I am a huge sports fan. I especially love Big 12 Football. In our corner of the world, the sports media outlets have only had one story to cover in the past 2 days. The Sports Illustrated article called “The Dirty Game” that details all kinds of underhanded activity going on in Stillwater. I’ll have to admit that when I first read the article on Sport’s Illustrated’s website, I thought that OSU was in for some serious trouble.
Then I started hearing former players calling into the local radio station vehemently denying the allegations. Which is pretty standard for stories such as this…
But on my lunch hour I heard Billy Bajema, who played tight end for OSU during the time period described in the article. I don’t know Billy Bajema personally, but several of my friends do. One of them used to be his youth pastor. He came and spoke at my Alma Mater’s chapel this past year. (Southern Nazarene University) He is known to be a Christian man of integrity.

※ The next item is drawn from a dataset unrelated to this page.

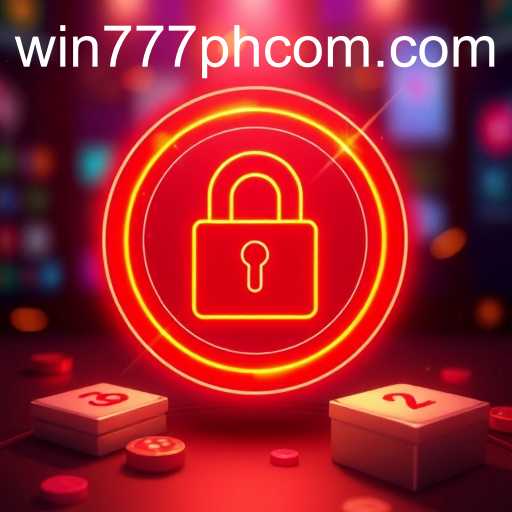 Understanding the Importance of Privacy Policy with Win777PH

So when he went on the radio and completely denied that any players were receiving money after games or that boosters were allowed in the locker room, my ears perked up. Then I started to hear the radio hosts say things like this:
When Billy Bajema says that these things didn’t happen, I believe him. I covered the team for his tenure there and he is a stand up guy. He is a man of integrity.
I heard at least two different radio show hosts say something like this.
And then I started to look at the other side of the story. One of the writers involved in the story has a history of writing articles that are more fiction than fact. Another way of saying it is he makes up stories. When I was a boy, my mom called that lying. His name is Thayer Evans. Until yesterday I didn’t know who he was, but since he was trending on twitter I looked him up.
Apparently, Mr. Evans did a similar piece on my beloved Texas Longhorns on the recruitment of Jamarcus McFarland. Unfortunately, he hadn’t verified his facts. He later wrote a retraction, although the folks in Austin felt like the retraction was a bit of a joke. He also went after Cam Newton and even tried to convince others not to vote for him for the Heisman. In short, Thayer Evans has a history of writing stories based more on speculation than truth.
It didn’t take long of me scrolling through the twittersphere to realize that there are a great number of journalists who consider Thayer Evans to be less than credible. His reputation precedes him…
Not to mention the fact that the folks that SI spoke to all tended to be guys who did not make it in the program. They were guys who had an axe to grind.
Now I am not suggesting that the team at Stillwater is a bunch of choir boys who would never do anything wrong. I am not that naive. I also know that a person like Billy Bajema could be lying. We have seen even the most well-respected church leaders fall from grace right in front of our eyes.
But I think there is something to be learned from all this mess.
How you live today matters…
Your reputation proceeds you. If you live your life as a person of character, when someone calls your integrity into question, you will be vindicated. Eventually the truth will come out. When God tells his people not to lie, it isn’t because God is some sort of killjoy trying to ruin everyone’s fun. It’s because lying destroys trust, which in turn destroys relationships.